In the early ’30s, history conspired to create a hobo subculture the likes of which Jim Tully could never have imagined in his footloose days. With the Depression spreading across the land, plaguelike, an economic Black Death, hundreds of thousands of jobless and destitute Americans began to leave their homes and families and wander the country in search of work, food, survival. They left in cars, like Steinbeck’s Joads, in trembling jalopies stuffed with their every possession; they tramped and hitchhiked; and in ever-increasing numbers they rode the trains, illegally hopping the freights that crisscrossed every part of the country. Most of the hoboes on the road were adult males, but as the Depression continued into a second and third year, conditions growing worse, families unable to cope and schools being shut down, hordes of children became a part of this desperate, aimless migration as well. There were an estimated 250,000 youths—the so-called wild boys of the road—riding the rails at the height of the Depression.

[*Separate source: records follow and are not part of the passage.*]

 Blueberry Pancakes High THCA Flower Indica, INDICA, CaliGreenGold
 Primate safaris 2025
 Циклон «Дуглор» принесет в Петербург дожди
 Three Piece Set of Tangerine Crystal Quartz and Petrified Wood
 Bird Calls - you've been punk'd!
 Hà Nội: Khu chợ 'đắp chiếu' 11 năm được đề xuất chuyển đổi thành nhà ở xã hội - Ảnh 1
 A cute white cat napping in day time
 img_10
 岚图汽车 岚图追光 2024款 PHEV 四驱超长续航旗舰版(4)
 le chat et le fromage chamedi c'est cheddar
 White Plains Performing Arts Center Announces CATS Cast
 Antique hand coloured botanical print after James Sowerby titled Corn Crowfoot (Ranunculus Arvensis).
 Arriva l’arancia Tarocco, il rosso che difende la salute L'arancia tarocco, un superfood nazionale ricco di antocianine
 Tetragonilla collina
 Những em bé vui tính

Crowds of a hundred and more would gather to catch a single freight train, a ragtag army swarming onto the cars as they rolled down the track. Outside rail yards they built encampments, “hobo jungles” they were called, and a few had grown to the size of small towns. Some communities were taking drastic, even violent measures to drive off the scourge of the wandering unemployed. Some among the nation’s wealthy and reactionary feared their anarchic ranks would become an organized revolutionary force, hoboes rising up to attack the banks and factories en masse and topple Herbert Hoover’s government.